Dans l’ordre chronologique, c’est d’abord l’annonce par le président Macron de l’élimination du chef de l’Émirat Islamique au Grand Sahara (EIGS), Adnan Abou Walid al-Sahraoui. Il est le bourreau de plusieurs milliers de paisibles villageois, de leurs femmes et de leurs enfants dans cette zone des trois frontières, à cheval entre le Niger, le Burkina Faso et le Mali. Nous entendons déjà d’éminents spécialistes affirmer que cela ne sert à rien, n’aura servi à rien si ce n’est à assouvir une forme de loi du Talion. Je crois au contraire – sans évidemment que cela ne règle définitivement la question de l’EIGS – que cela va déstabiliser et désorganiser ce groupe terroriste pendant quelque temps. Conjugué à la pression mise par les armées françaises depuis quasiment un an sur cette organisation, l’EIGS sort profondément affaiblie de cette séquence : ses effectifs de combattants ont fondu ; son recrutement s’est tari, sa renommée a pâli et ses ressources ont baissé. J’éprouve également une grande satisfaction à voir couronnées de succès la persévérance et la constance des armées françaises dans ce combat. Adnan Abou Walid al-Sahraoui avait été décrété « ennemi public numéro 1 » de la paix au Sahel par le président Macron. L’objectif majeur de la France dans son combat contre le lutte terrorisme au Sahel a été atteint.

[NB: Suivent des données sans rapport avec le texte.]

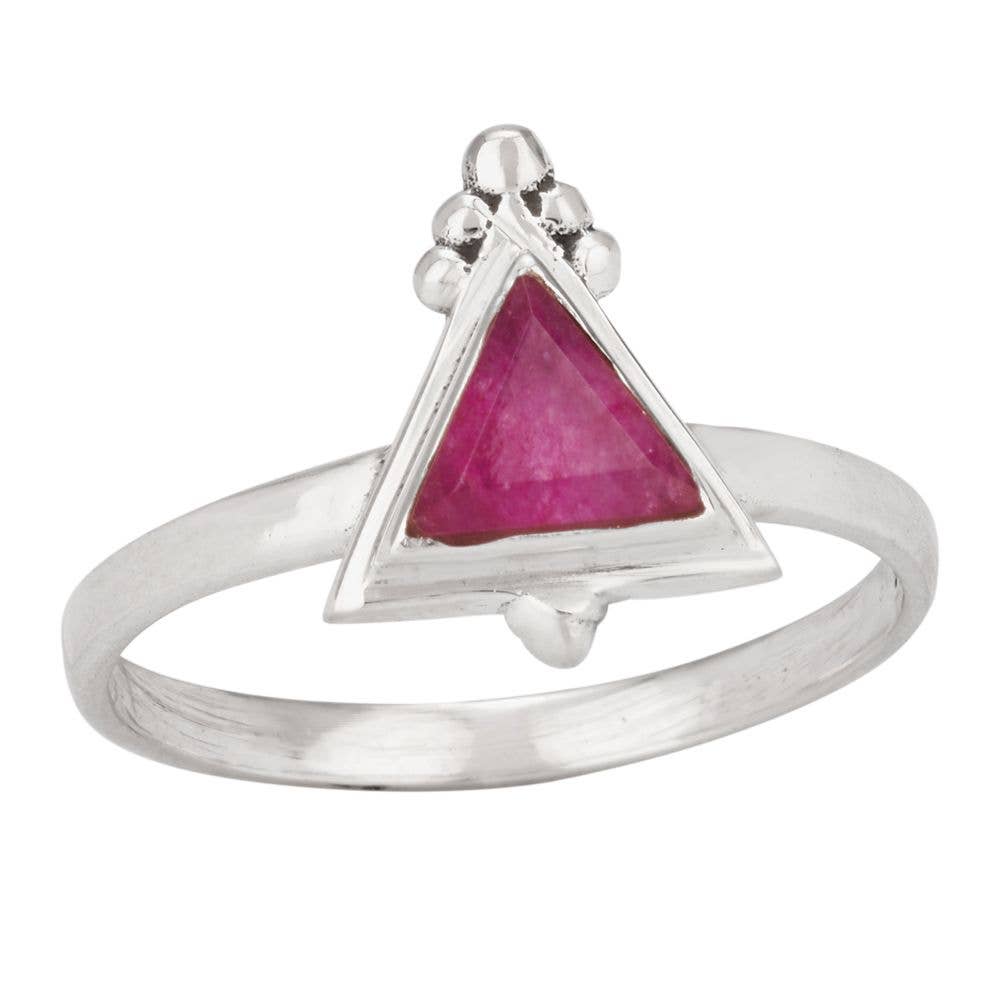 July Ruby Sterling Silver Birthstone Ring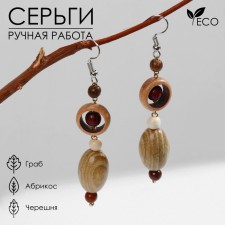 Handmade earrings, wooden 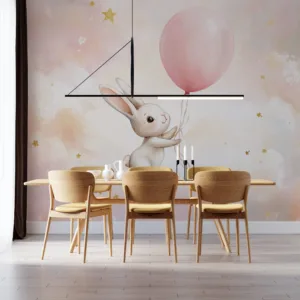 Cute illustrated rabbit with a pink balloon in a dreamy pastel background.||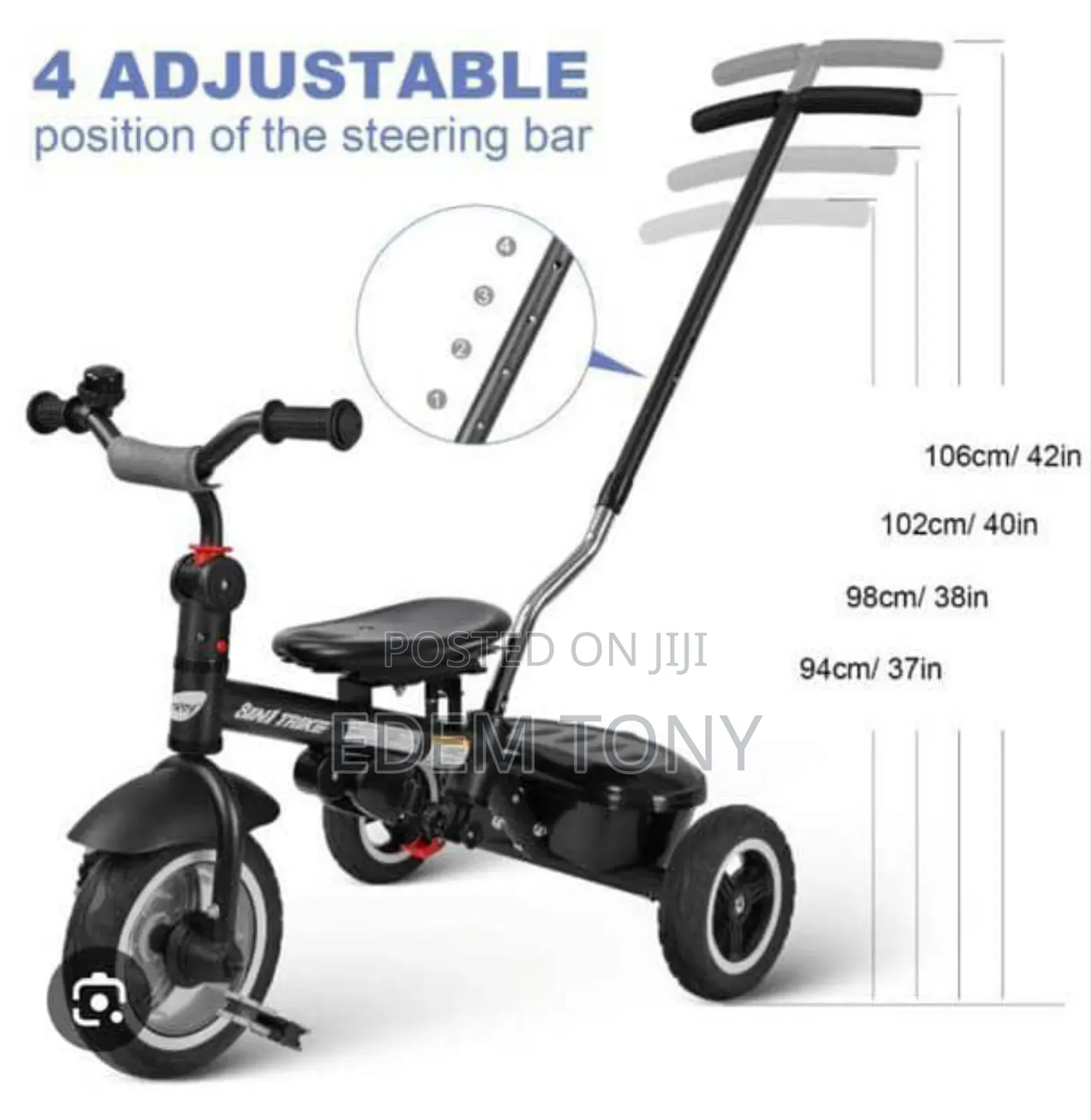 Besrey 8 in 1 Kids Tricycle Stroller, With Push Handle.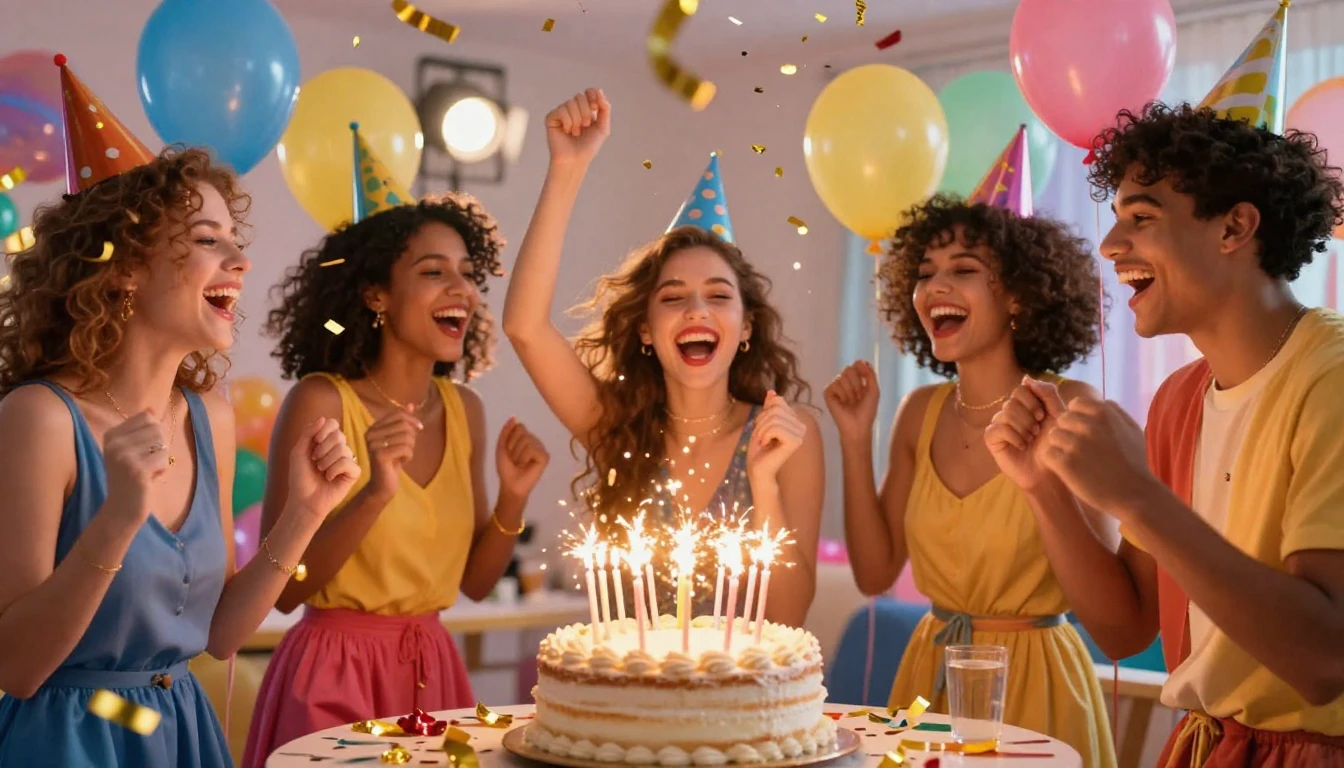 A vibrant and energetic birthday party scene featuring a gro...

Le deuxième événement dévoilé par les médias au cours du même tour de cadran de montre sont (seraient) les négociations en cours entre la présidence malienne et le groupe Wagner pour assurer la sécurité des autorités maliennes, participer à la formation des forces armées et lutter contre les groupes terroristes. Selon des informations ouvertes le déploiement d’un millier d’hommes pour dix millions d’euros par mois et un droit de préemption/exploitation de trois mines d’or seraient en cours de discussion. Il n’est pas inutile de rappeler que le groupe en question a fait l’objet, dans son action en République de Centrafrique, d’enquêtes menées par CNN et l’ONG « the Sentry » qui leur ont permis de rassembler les preuves de plusieurs cas de violations du droit international humanitaire voire de crimes de guerre. Mais, sans passer par cette étape, il apparaît bien improbable que les autorités de transition se risquent à un tel arrangement sauf à vouloir se rapprocher à grand pas de la roche tarpéienne. Remettre le destin de son pays dans les mains d’une société de sécurité privée – car c’est bien de cela qu’il s’agit – revient à prononcer l’éloge funèbre de l’État malien. C’est probablement aussi se priver des financements internationaux, dès lors que les bailleurs pourraient soupçonner que ces fonds pourraient financer un groupe de mercenaires. C’est aussi un camouflet pour la communauté internationale qui a investi tant et tant pour la crise malienne et qui saura s’en souvenir. Enfin, comment croire que l’armée malienne et notamment ceux qui sont « au front » accepteraient sans broncher que des mercenaires étrangers soient payés 30 fois plus qu’eux… Sauf, si les autorités de transition avaient perdu la raison, cet accord paraît bien improbable, quelle que soit la position (légitime) exprimée par la France et les conséquences qu’elle en tirerait.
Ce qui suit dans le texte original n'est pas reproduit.